Would you copy the records below, exactly and only from their first line through the line containing "Garmin Instinct Solar", without any pictures?

-- -- --

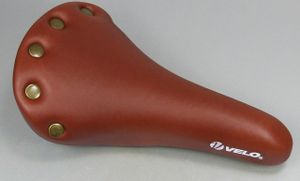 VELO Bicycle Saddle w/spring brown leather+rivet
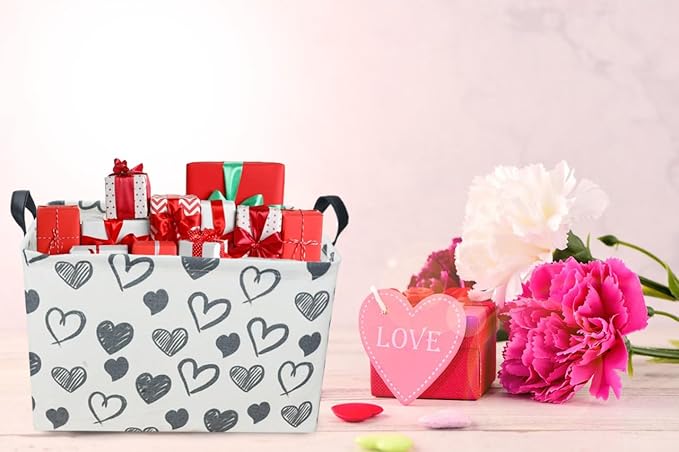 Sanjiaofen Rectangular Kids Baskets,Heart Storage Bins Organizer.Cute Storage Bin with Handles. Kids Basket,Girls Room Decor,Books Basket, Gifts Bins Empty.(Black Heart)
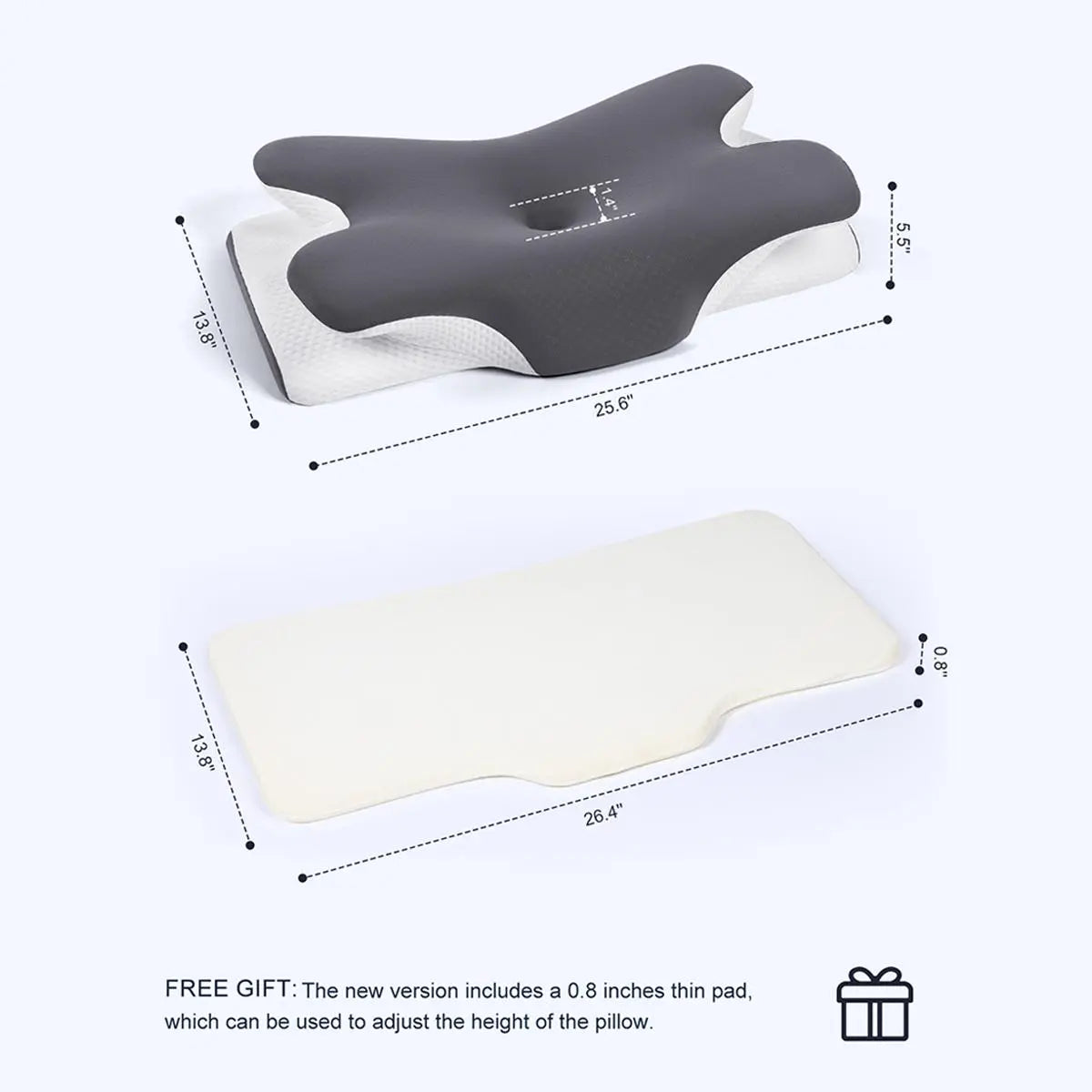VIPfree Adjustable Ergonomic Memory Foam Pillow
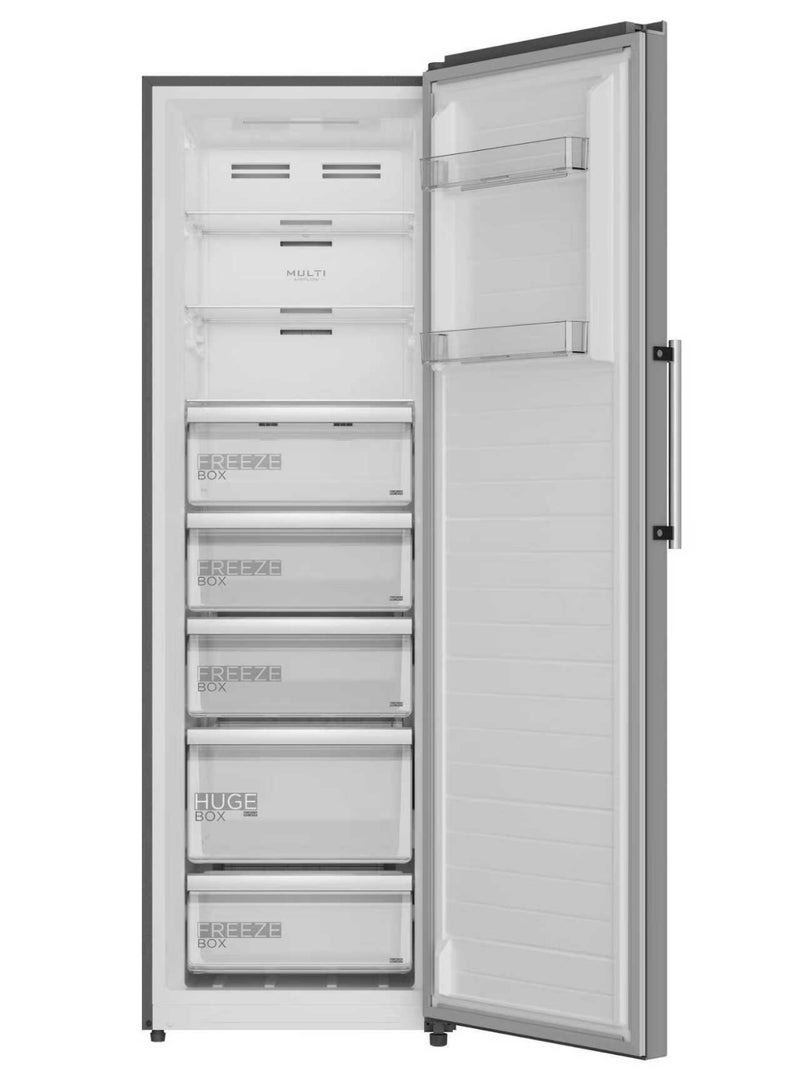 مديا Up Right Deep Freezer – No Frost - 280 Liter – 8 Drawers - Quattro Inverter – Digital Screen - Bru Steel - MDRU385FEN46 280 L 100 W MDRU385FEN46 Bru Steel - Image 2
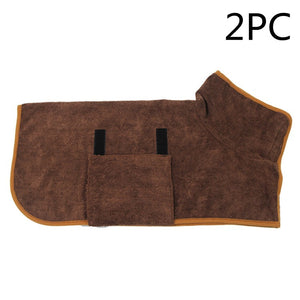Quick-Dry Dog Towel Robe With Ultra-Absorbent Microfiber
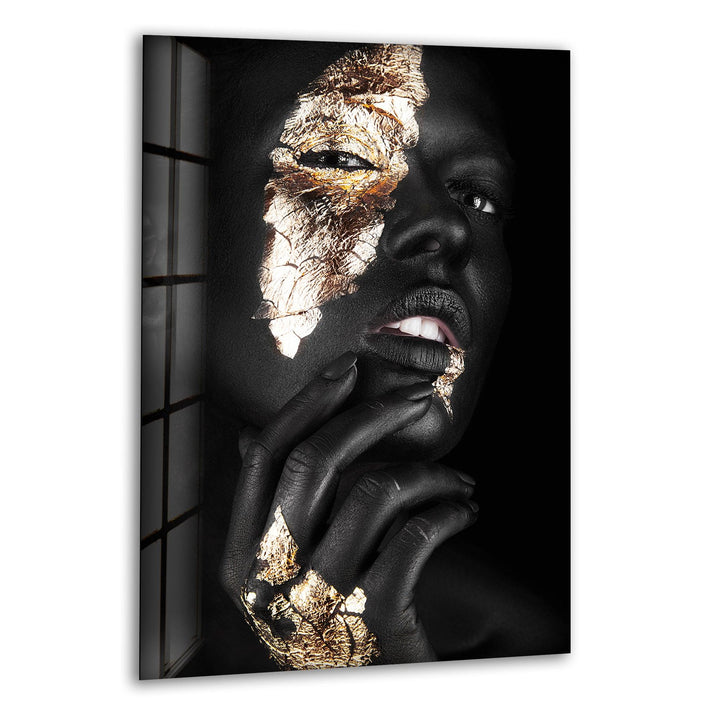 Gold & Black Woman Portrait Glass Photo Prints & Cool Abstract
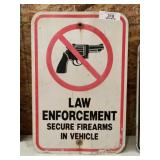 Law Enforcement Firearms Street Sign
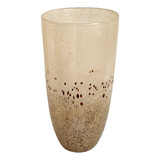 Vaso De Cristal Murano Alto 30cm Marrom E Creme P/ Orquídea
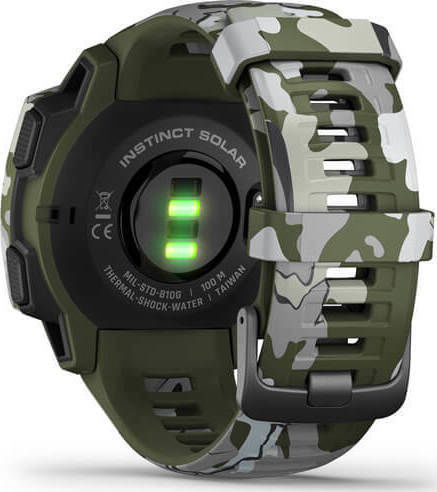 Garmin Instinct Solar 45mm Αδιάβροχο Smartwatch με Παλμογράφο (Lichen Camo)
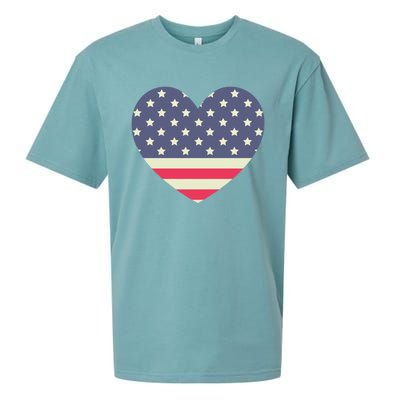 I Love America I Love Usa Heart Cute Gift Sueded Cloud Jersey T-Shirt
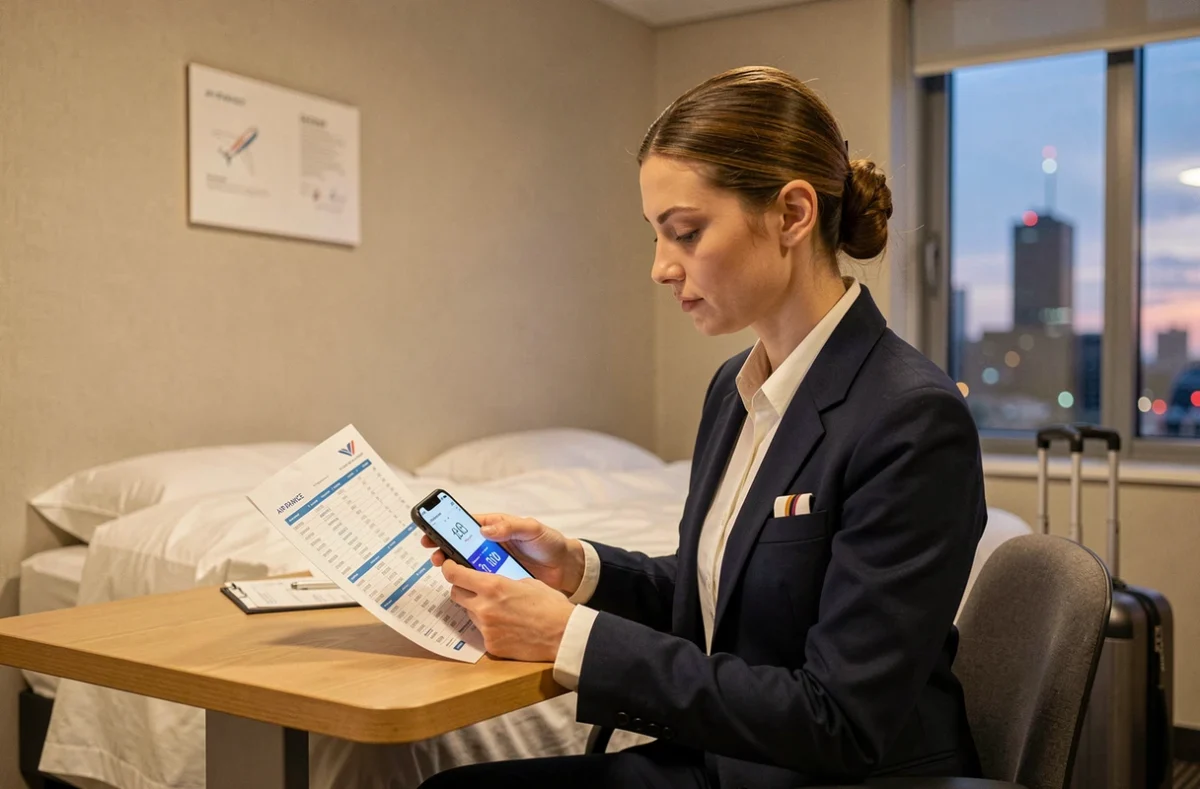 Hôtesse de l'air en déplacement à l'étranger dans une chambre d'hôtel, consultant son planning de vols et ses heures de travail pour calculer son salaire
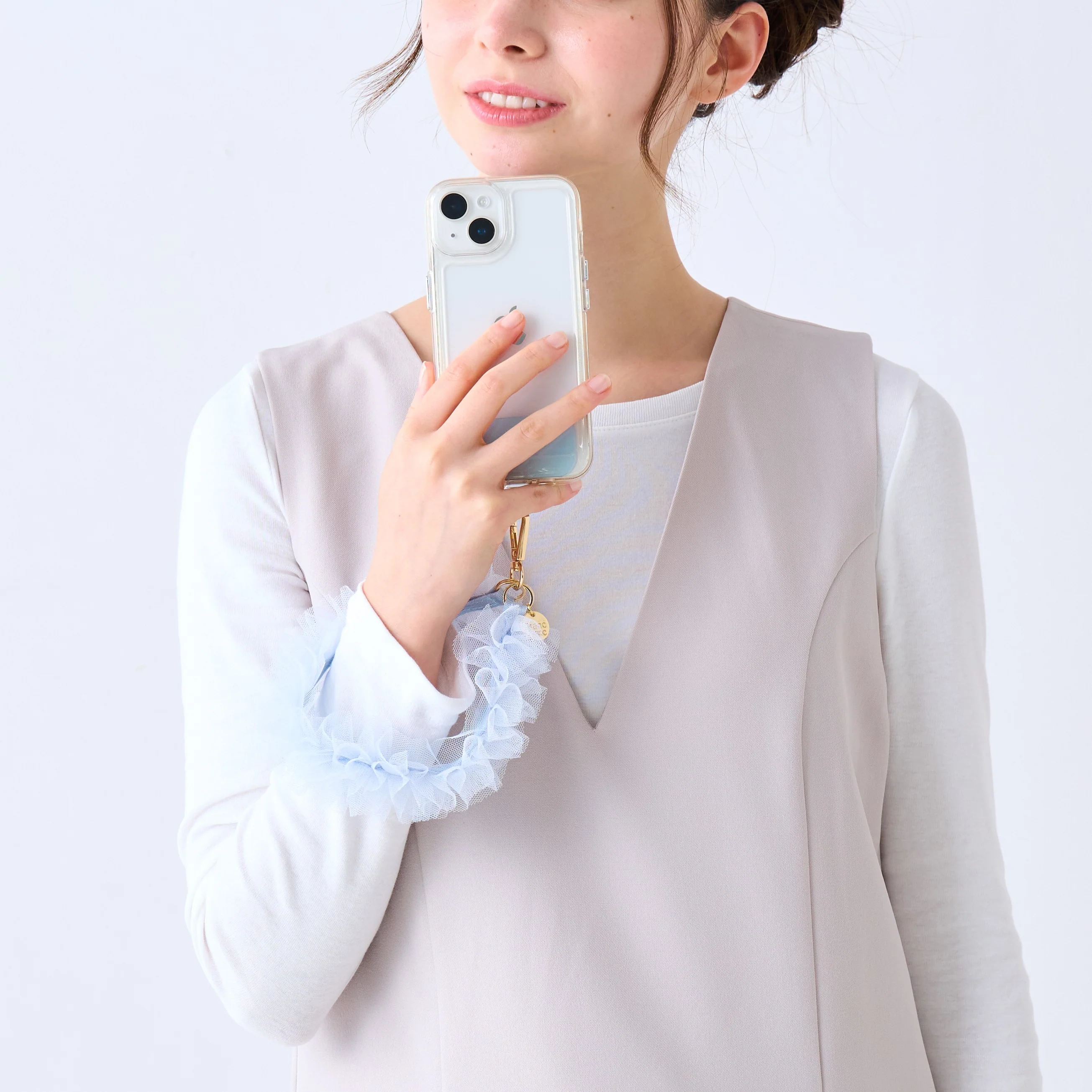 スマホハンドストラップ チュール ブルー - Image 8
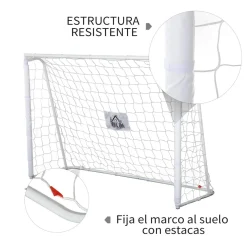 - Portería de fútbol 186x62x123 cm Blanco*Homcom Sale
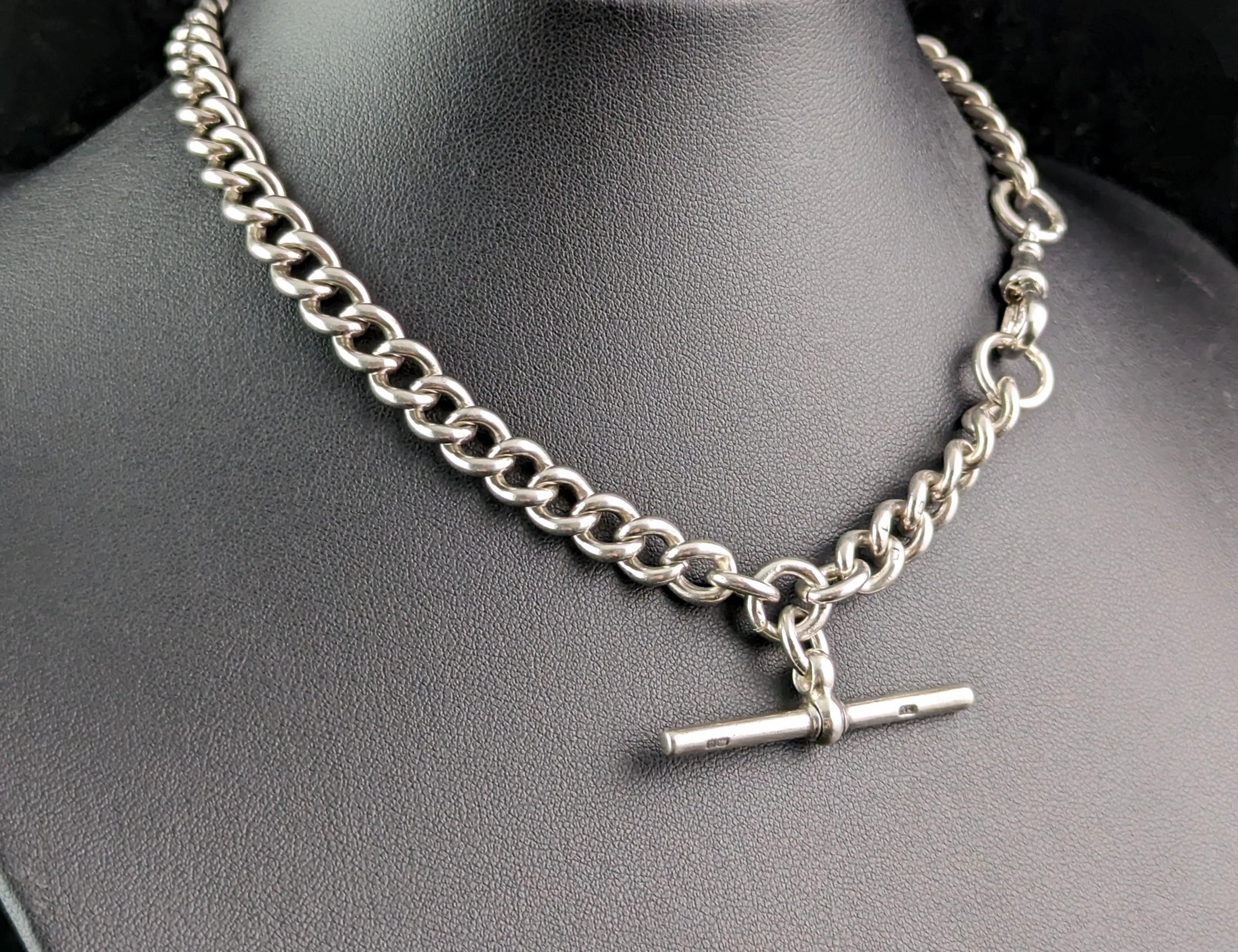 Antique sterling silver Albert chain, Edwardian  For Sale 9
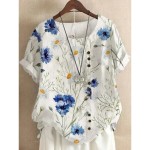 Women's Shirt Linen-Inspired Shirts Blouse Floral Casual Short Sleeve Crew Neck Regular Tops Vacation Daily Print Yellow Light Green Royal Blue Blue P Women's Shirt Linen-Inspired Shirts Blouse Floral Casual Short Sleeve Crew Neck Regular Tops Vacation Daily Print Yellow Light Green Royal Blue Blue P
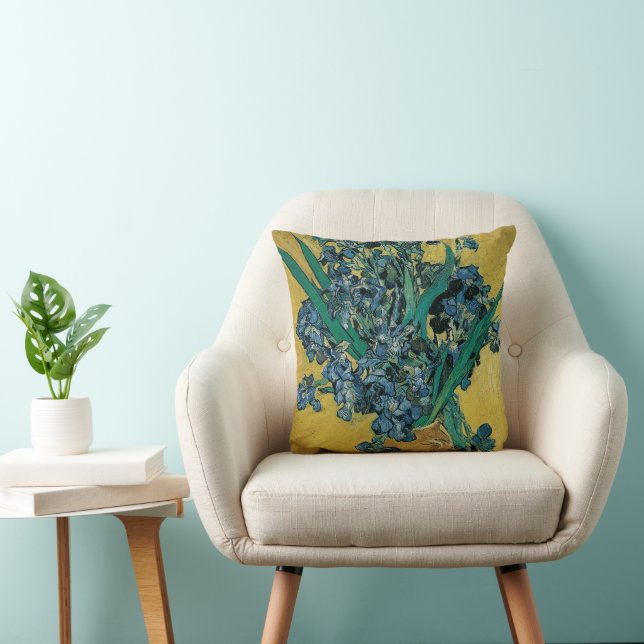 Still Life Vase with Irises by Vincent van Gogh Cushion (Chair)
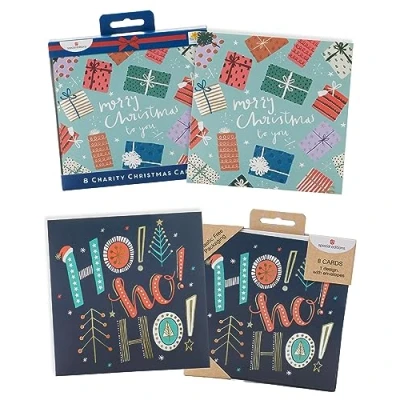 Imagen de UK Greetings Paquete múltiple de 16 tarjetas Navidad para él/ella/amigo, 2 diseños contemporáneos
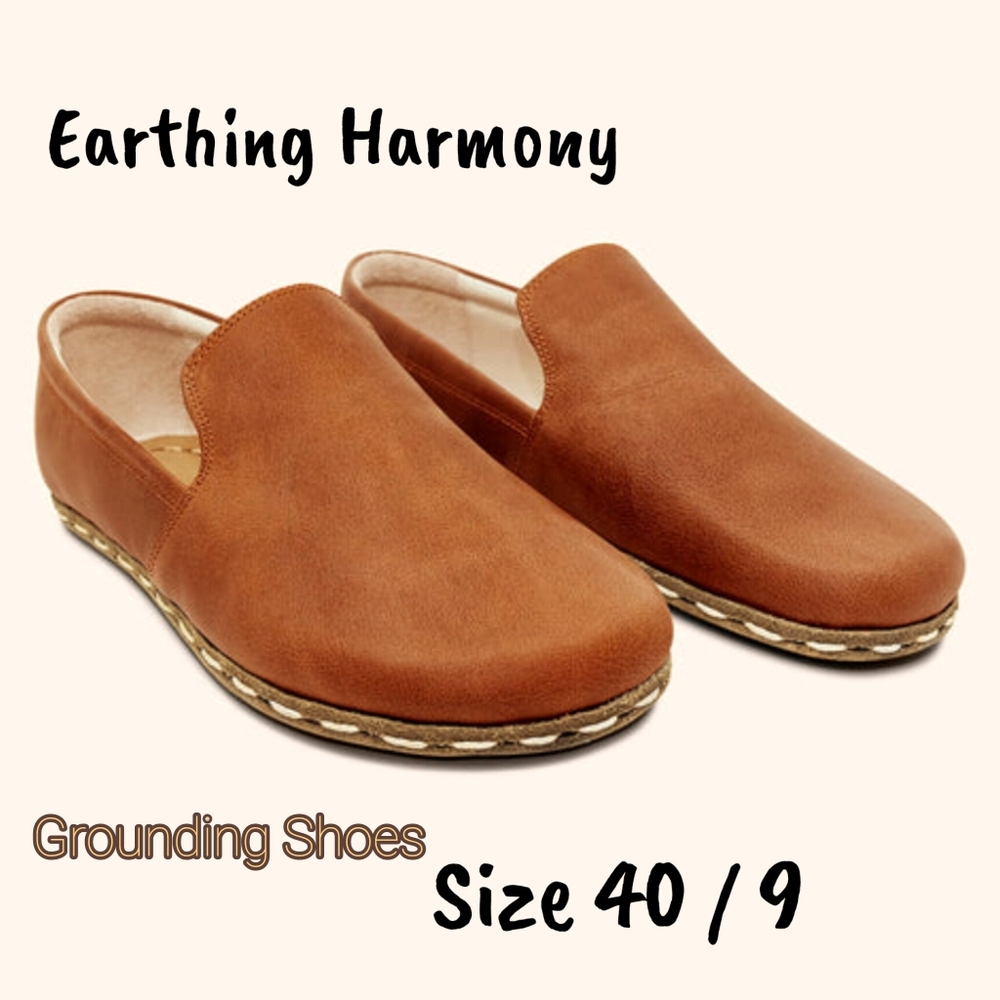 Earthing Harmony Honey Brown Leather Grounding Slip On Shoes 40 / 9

-- -- --

#### EXERCISE RESPONSE
 VELO Bicycle Saddle w/spring brown leather+rivet
 Sanjiaofen Rectangular Kids Baskets,Heart Storage Bins Organizer.Cute Storage Bin with Handles. Kids Basket,Girls Room Decor,Books Basket, Gifts Bins Empty.(Black Heart)
VIPfree Adjustable Ergonomic Memory Foam Pillow
 مديا Up Right Deep Freezer – No Frost - 280 Liter – 8 Drawers - Quattro Inverter – Digital Screen - Bru Steel - MDRU385FEN46 280 L 100 W MDRU385FEN46 Bru Steel - Image 2
Quick-Dry Dog Towel Robe With Ultra-Absorbent Microfiber
 Gold & Black Woman Portrait Glass Photo Prints & Cool Abstract
 Law Enforcement Firearms Street Sign
 Vaso De Cristal Murano Alto 30cm Marrom E Creme P/ Orquídea
 Garmin Instinct Solar 45mm Αδιάβροχο Smartwatch με Παλμογράφο (Lichen Camo)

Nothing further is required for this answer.